Mattie Idyll shook her closed parasol threateningly at the large yellow dog blocking the boardwalk. Wet tongue lolling, the animal looked at her as if it wanted to play, or to have her for breakfast. "I said, 'Go away!' "

Taking this as an invitation, the dog bounded forward and leapt up, putting its paws on Mattie's shoulders and knocking her off-balance. She dropped her parasol and the basket she carried as she tried frantically to push the dog away and regain her balance. She ended up on her bustle in the middle of the boardwalk.

The dog made a swipe at her face with its tongue, then dodged a slap and bounded out of reach. Mattie glared at the animal as she wiped her wet cheek. The yellow dog stood just out of harm's way, looking at her as if aggrieved and puzzled by her lack of enthusiasm.

Expelling an exasperated breath, Mattie picked up her closed parasol and swung at the dog when the animal ventured close again. She wasn't trying to hit it so much as to just convince the monster to go away.

"Nathan!" Mattie called out to her son. But a glance over her shoulder showed Nathan already halfway to Alma's Boarding House, racing up Main Street as fast as his short legs could carry him. His attention was focused on the long curling rooster feather he held aloft as he ran, the end twirling in the wind.
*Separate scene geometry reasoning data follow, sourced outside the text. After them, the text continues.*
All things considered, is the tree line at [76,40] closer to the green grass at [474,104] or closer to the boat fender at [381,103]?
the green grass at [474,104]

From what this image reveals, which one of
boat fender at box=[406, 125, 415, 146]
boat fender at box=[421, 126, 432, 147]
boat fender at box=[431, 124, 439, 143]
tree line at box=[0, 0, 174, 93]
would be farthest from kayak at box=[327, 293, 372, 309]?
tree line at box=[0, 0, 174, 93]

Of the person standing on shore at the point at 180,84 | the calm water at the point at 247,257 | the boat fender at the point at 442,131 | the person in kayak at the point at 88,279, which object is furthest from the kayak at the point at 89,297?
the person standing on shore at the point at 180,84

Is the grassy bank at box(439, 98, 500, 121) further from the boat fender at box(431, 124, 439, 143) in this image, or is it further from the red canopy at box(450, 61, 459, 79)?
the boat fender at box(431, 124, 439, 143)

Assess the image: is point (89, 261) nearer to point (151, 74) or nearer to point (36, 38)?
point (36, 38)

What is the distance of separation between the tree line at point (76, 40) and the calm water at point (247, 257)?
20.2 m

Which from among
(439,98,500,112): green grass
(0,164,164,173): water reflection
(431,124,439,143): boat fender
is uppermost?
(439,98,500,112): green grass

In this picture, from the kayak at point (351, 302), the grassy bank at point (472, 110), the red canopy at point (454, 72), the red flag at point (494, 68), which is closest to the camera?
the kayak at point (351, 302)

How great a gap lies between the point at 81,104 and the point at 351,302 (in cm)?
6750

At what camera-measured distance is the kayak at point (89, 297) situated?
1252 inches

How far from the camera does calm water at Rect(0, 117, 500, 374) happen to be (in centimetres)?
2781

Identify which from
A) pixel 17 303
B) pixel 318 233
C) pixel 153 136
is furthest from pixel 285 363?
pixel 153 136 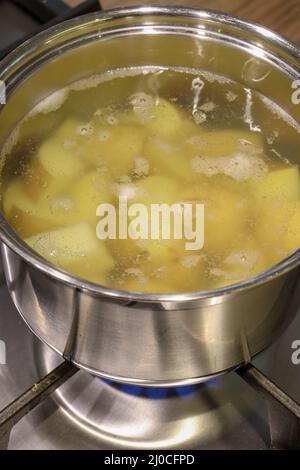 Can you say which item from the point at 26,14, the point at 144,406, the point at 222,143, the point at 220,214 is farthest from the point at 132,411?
the point at 26,14

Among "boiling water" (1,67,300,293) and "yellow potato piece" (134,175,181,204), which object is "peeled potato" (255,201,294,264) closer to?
"boiling water" (1,67,300,293)

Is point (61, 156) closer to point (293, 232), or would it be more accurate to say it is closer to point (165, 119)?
point (165, 119)

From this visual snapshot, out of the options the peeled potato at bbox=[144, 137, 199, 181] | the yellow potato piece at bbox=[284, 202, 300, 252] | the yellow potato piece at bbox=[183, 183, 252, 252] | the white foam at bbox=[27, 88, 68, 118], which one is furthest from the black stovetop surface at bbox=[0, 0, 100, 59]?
the yellow potato piece at bbox=[284, 202, 300, 252]

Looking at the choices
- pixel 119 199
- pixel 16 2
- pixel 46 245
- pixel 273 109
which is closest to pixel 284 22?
pixel 273 109

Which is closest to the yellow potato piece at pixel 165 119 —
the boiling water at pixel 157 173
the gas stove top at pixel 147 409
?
the boiling water at pixel 157 173

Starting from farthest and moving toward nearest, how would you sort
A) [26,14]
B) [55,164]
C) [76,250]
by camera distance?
[26,14], [55,164], [76,250]

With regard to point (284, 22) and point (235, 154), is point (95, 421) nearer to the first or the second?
point (235, 154) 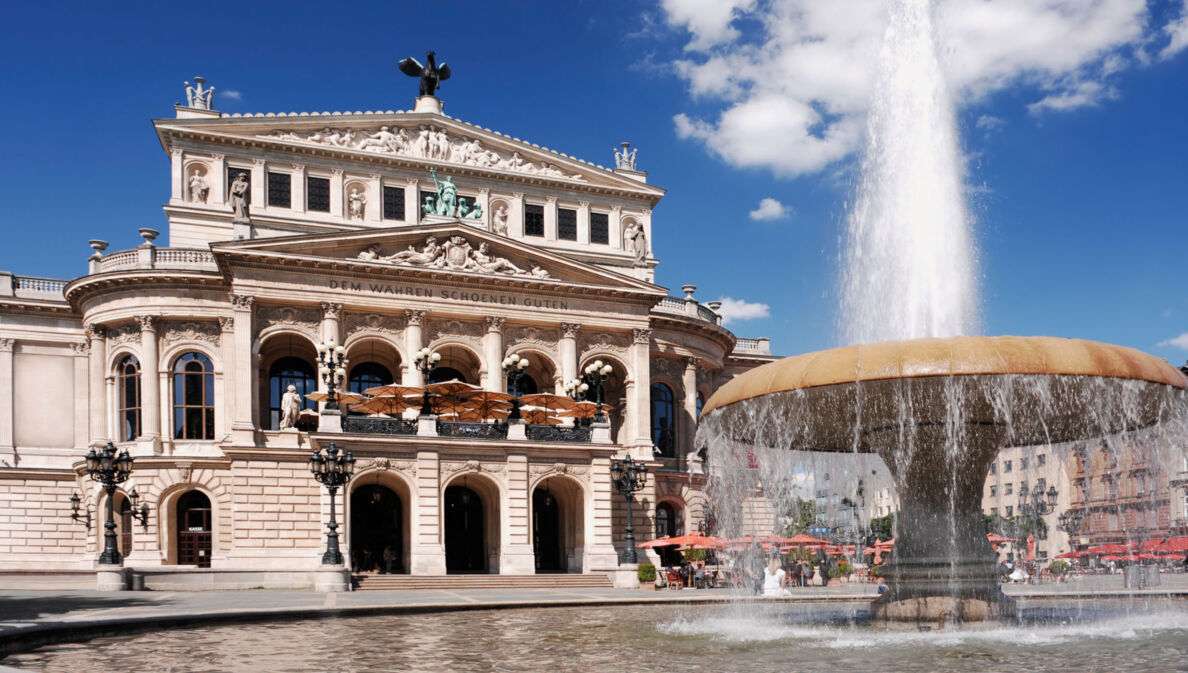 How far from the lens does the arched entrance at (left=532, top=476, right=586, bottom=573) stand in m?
42.1

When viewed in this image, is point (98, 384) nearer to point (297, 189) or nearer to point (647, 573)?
point (297, 189)

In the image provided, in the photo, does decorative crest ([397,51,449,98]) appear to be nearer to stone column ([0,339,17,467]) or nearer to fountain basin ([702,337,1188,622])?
stone column ([0,339,17,467])

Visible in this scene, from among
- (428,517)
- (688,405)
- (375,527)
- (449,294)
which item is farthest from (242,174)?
(688,405)

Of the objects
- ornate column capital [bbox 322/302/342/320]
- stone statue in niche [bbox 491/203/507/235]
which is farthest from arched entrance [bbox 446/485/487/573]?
stone statue in niche [bbox 491/203/507/235]

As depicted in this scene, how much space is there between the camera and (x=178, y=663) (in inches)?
490

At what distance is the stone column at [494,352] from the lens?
44.8 metres

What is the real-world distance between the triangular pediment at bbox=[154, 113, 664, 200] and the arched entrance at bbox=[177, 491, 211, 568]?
15180 mm

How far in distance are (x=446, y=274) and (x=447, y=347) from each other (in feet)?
10.6

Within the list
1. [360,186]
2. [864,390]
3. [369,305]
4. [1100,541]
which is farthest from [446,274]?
[1100,541]

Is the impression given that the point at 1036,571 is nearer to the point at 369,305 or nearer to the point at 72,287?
the point at 369,305

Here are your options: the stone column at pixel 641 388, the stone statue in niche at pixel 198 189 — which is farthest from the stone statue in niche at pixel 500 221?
the stone statue in niche at pixel 198 189

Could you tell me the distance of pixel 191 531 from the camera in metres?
42.8

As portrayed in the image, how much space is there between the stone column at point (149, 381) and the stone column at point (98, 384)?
85.7 inches

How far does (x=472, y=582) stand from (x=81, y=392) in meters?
21.5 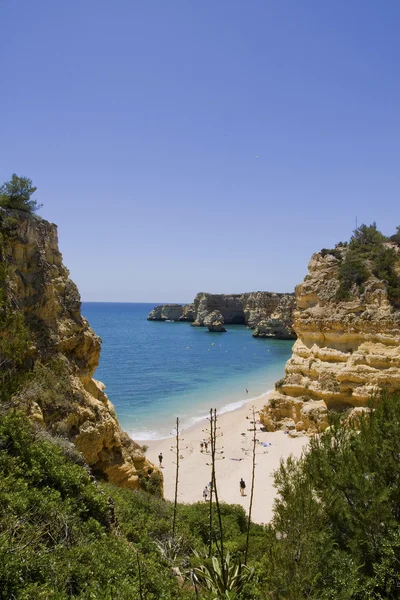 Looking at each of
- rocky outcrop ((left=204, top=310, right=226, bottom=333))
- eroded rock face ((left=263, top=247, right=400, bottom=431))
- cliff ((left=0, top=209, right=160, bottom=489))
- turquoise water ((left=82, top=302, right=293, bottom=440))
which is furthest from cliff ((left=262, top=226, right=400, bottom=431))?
rocky outcrop ((left=204, top=310, right=226, bottom=333))

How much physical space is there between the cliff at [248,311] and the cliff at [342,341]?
68.3m

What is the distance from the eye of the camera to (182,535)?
9.29 metres

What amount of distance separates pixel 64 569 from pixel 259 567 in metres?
4.91

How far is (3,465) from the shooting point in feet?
22.0

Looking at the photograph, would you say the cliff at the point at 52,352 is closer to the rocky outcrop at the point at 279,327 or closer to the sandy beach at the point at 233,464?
the sandy beach at the point at 233,464

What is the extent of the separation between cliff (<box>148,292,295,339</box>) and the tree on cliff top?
83639 millimetres

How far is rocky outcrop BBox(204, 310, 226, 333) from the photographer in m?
103

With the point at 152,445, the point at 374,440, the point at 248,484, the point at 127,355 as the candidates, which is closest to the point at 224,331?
the point at 127,355

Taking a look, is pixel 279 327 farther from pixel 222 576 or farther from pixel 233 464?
pixel 222 576

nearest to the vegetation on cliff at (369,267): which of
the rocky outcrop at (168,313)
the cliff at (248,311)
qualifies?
the cliff at (248,311)

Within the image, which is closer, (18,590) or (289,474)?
(18,590)

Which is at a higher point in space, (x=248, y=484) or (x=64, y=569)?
(x=64, y=569)

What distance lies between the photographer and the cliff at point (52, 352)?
30.6ft

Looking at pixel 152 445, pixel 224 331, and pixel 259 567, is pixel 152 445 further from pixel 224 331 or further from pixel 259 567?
pixel 224 331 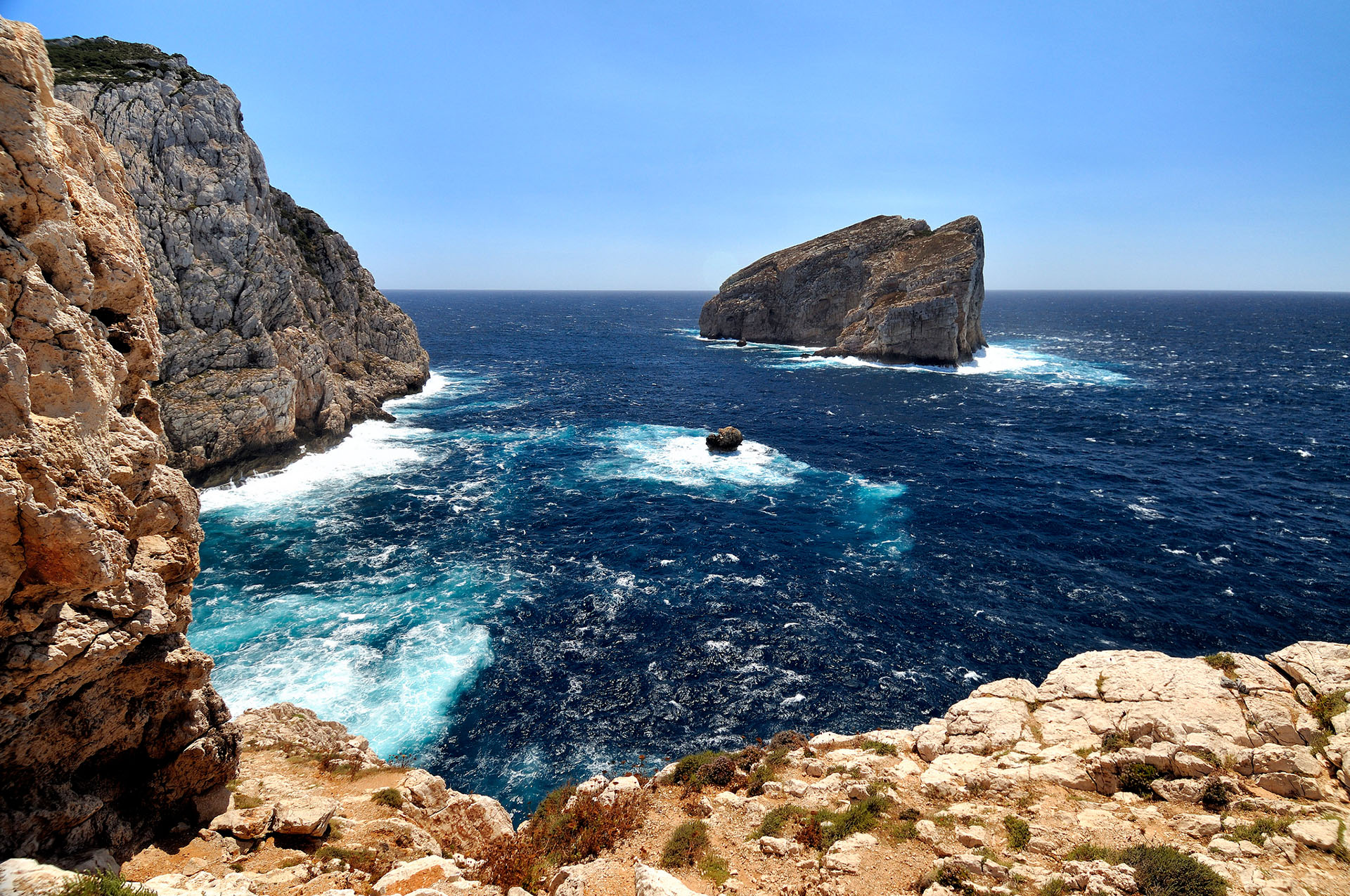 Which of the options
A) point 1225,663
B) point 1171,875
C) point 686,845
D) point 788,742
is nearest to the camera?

Other than her fast-disappearing son, the town of Medicine Springs was wrapped in the stillness of early morning. Pale light painted hitching rails and facaded store fronts in fuzzy, soft colors. Shadows of live oaks shaded houses built back from the road. Light from coal oil lamps spilling through kitchenwindows showed people beginning to stir to meet the day.

The livery stable doors were open. In front of the wooden structure, flames danced on the blacksmith's forge as old Joe worked the bellows and readied his fire. It would do no good to call to the huge ex-slave. He was as kind as the day was long, but Mattie knew he was also as deaf as a post.

Well, it looked like, as usual, she was going to have to help herself. She'd long ago learned that there were no knights in shining armor who rescued ladies in distress.

Getting to her knees, she firmly grasped the nearest post then pulled herself upright. And felt her foot sink when a rotted board where the gutter dripped gave way.

Still grasping the post, Mattie pulled. The boot remained stuck as though it had been made into the sidewalk.

The beginnings of tears prickled her eyes. "Damn!"

Normally she didn't use vulgar language. Normally she had no desire to. A lady did not stoop to base commonness, after all. But nothing was normal. No, nothing, she thought bitterly. First, yesterday, they'd run out of firewood and the axe handle broke when she tried to chop down a tree. Not that she was making much headway, anyhow. Usually she paid someone to cut her wood, but there was no money for that now. Then she'd come home from church and found coyotes had been at her hens. She'd wanted to sit down and bawl like a baby.

She hadn't, of course. That would have scared Nathan half to death. He'd never seen her cry. With no father, the boy depended on her to be strong.

But this was just the last straw.

The big dog turned its attention to something behind her and bounded off. Well, that was one problem out of the way, at least. Now for the next, Mattie thought, looking down.

She gave her booted foot an angry yank. To her surprise, the boot came free. To her dismay, the heel felt wobbly when she took a step.

"Damn it all to hell and damnation!"

"Mornin' to you, too, Miz Mattie," drawled a deep voice behind her.

Flushing guiltily, Mattie looked around to find Ty Warburton grinning at her, a cynical light in his ice-blue eyes. Her cheeks burned. Of all the people to overhear her bad language! Ty Warburton was insufferably rude and arrogant and never failed to set her teeth on edge when she saw him strutting about town.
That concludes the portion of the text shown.